Restate verbatim the span of lines below between the line with "MJ Michael Jackson" and the line with "The Big Collection", including those two lines, and only that span.

→ **Brief descriptive captions**:
==================================================

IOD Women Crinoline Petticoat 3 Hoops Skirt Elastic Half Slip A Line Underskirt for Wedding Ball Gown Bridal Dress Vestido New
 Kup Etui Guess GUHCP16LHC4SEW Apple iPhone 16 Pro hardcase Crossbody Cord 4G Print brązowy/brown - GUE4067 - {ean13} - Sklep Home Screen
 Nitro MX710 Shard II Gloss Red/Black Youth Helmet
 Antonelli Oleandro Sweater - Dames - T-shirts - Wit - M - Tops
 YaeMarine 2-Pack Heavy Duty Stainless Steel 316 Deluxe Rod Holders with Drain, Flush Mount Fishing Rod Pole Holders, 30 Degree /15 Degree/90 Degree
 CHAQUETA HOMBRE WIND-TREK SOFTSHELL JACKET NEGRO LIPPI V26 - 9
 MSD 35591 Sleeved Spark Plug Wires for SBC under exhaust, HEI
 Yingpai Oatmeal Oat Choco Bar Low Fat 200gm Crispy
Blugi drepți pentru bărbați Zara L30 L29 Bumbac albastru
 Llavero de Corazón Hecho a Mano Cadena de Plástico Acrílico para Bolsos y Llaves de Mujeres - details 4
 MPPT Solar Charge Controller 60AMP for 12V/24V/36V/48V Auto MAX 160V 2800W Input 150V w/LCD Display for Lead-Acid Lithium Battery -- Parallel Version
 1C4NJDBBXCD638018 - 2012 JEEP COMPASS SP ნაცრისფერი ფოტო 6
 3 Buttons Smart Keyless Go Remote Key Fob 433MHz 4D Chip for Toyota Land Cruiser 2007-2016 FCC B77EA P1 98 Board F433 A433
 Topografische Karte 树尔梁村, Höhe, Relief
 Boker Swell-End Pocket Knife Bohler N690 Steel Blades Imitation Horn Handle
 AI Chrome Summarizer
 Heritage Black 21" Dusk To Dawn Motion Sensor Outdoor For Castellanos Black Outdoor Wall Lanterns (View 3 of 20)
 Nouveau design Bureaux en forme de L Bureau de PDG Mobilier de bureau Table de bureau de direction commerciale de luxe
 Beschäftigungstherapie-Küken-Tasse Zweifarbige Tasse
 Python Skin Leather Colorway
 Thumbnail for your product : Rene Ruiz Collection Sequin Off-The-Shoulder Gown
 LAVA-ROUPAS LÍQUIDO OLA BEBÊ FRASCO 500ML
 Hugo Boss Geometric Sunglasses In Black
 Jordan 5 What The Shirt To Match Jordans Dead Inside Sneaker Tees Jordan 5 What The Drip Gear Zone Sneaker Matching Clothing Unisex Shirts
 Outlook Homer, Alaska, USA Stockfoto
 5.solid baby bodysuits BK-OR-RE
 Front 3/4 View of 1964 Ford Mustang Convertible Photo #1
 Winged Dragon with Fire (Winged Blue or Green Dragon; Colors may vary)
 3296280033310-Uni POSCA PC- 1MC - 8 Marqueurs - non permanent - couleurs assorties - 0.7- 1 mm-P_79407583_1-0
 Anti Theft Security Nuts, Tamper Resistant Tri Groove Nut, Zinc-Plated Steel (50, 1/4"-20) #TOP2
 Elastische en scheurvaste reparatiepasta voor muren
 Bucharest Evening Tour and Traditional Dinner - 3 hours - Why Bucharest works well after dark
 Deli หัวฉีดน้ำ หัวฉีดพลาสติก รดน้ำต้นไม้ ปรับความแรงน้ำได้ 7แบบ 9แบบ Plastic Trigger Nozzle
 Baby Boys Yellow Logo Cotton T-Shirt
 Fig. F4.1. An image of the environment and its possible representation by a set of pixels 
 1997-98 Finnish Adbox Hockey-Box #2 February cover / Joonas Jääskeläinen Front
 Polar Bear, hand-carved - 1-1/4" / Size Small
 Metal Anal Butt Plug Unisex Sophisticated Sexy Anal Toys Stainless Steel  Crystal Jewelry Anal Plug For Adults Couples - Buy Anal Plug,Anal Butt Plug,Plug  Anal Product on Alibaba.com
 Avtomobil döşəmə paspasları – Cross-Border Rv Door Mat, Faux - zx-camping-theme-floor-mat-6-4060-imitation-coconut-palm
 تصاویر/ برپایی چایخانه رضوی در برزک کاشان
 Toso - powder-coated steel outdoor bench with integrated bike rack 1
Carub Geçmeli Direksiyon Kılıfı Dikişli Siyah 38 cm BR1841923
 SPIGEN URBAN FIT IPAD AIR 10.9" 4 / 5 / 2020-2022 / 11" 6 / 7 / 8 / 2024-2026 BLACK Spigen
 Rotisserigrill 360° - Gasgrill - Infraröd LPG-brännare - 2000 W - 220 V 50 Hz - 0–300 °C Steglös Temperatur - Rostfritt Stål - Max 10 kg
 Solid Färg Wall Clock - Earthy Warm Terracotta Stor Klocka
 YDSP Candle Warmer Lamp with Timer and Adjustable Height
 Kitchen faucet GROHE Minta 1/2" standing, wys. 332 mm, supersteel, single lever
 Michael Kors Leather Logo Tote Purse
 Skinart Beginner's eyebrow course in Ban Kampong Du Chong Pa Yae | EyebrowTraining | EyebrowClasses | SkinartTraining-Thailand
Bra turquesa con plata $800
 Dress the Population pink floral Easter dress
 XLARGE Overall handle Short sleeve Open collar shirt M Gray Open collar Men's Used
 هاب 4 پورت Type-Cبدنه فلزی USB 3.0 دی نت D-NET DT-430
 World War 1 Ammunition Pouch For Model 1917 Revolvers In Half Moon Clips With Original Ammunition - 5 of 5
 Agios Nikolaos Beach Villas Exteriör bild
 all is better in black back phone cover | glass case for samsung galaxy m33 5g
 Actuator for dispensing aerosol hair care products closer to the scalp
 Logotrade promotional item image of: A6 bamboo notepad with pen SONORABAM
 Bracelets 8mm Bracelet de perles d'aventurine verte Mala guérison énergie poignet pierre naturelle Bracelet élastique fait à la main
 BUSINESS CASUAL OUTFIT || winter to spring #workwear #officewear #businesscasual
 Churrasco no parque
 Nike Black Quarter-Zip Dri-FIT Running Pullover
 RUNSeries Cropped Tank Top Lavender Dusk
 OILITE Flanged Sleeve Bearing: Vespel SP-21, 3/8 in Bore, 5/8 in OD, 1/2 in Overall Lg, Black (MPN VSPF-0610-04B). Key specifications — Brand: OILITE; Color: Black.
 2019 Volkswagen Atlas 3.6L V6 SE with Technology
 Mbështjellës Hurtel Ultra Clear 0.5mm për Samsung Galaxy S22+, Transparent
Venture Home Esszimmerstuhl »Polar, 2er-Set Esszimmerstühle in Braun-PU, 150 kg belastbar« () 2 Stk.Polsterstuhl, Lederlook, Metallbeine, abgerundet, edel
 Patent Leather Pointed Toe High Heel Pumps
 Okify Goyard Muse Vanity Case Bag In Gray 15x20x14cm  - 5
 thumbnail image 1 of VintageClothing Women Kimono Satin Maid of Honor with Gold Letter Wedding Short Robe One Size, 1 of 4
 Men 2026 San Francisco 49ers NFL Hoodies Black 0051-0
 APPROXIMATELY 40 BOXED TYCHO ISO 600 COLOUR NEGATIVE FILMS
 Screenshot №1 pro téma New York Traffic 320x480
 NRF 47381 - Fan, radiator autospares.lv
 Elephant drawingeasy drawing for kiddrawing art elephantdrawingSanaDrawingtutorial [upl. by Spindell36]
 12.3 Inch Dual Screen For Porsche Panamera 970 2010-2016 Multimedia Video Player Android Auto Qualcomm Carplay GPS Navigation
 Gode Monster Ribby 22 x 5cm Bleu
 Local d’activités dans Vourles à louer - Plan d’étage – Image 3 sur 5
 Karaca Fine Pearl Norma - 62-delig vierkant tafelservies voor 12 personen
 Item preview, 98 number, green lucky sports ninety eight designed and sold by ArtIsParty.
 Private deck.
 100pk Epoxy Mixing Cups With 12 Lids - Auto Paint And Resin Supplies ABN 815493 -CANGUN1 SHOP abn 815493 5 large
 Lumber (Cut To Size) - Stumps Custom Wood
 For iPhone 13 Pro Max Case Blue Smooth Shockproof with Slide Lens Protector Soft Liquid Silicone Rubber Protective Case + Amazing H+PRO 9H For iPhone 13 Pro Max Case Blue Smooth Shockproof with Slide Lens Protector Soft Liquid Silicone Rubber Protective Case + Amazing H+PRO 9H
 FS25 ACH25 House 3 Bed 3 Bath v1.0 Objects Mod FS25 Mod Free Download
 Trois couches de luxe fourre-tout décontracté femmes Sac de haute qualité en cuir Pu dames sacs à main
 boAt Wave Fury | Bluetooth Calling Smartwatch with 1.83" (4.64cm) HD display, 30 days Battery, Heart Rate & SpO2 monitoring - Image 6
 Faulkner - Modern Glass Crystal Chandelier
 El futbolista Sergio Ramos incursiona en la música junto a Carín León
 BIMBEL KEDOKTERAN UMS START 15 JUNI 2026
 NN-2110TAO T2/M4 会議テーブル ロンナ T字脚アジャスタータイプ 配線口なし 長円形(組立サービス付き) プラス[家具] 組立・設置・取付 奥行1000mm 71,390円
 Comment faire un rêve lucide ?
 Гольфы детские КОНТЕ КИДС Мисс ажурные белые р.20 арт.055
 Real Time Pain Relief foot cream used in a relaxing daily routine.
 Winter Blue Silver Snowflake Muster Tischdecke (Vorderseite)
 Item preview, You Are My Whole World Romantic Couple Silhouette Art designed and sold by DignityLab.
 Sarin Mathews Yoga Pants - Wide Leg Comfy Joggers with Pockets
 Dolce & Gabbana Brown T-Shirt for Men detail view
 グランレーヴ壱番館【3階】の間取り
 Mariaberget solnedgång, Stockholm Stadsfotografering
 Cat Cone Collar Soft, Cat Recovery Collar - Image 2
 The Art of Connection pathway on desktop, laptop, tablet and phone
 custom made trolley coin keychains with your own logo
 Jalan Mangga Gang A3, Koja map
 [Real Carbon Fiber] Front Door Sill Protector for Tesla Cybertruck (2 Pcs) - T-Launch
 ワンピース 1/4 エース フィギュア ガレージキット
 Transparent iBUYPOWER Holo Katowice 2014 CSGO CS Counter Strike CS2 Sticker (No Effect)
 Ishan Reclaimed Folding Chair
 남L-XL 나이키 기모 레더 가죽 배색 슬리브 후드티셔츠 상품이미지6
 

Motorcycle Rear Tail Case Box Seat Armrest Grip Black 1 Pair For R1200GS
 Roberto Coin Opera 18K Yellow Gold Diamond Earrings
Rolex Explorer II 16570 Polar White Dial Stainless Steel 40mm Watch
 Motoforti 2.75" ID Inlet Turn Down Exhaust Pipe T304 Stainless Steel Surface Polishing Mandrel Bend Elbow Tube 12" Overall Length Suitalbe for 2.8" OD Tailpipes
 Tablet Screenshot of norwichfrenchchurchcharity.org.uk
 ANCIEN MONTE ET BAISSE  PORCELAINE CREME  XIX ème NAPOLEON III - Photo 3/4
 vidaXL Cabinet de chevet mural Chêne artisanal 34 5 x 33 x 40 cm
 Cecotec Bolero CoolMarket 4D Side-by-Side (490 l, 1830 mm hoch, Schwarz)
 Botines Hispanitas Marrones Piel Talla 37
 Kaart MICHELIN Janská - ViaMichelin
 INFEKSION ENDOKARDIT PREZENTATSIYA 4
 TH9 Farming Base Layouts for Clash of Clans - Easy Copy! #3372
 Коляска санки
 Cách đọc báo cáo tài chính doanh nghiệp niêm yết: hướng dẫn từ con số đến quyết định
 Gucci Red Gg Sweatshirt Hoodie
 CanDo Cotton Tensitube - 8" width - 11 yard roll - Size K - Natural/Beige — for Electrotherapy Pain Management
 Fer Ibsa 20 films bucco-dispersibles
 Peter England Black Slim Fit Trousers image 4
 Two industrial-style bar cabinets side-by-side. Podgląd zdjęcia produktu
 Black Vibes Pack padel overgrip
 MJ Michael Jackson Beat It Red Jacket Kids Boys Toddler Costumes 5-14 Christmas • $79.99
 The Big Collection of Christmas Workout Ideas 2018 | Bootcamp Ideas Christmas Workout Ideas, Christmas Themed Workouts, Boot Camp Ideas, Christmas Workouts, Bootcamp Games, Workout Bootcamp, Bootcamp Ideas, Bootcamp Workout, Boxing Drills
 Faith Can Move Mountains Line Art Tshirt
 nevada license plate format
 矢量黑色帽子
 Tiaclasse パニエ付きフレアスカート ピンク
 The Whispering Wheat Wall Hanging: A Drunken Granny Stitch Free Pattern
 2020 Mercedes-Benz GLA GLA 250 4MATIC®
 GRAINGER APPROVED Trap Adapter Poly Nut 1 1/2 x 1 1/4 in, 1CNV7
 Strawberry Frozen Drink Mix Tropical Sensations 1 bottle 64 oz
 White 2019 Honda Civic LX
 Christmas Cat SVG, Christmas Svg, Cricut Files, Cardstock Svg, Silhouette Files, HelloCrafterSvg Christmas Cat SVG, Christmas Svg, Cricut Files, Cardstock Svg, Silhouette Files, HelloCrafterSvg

==================================================

→ **Exercise solution**:
 MJ Michael Jackson Beat It Red Jacket Kids Boys Toddler Costumes 5-14 Christmas • $79.99
 The Big Collection of Christmas Workout Ideas 2018 | Bootcamp Ideas Christmas Workout Ideas, Christmas Themed Workouts, Boot Camp Ideas, Christmas Workouts, Bootcamp Games, Workout Bootcamp, Bootcamp Ideas, Bootcamp Workout, Boxing Drills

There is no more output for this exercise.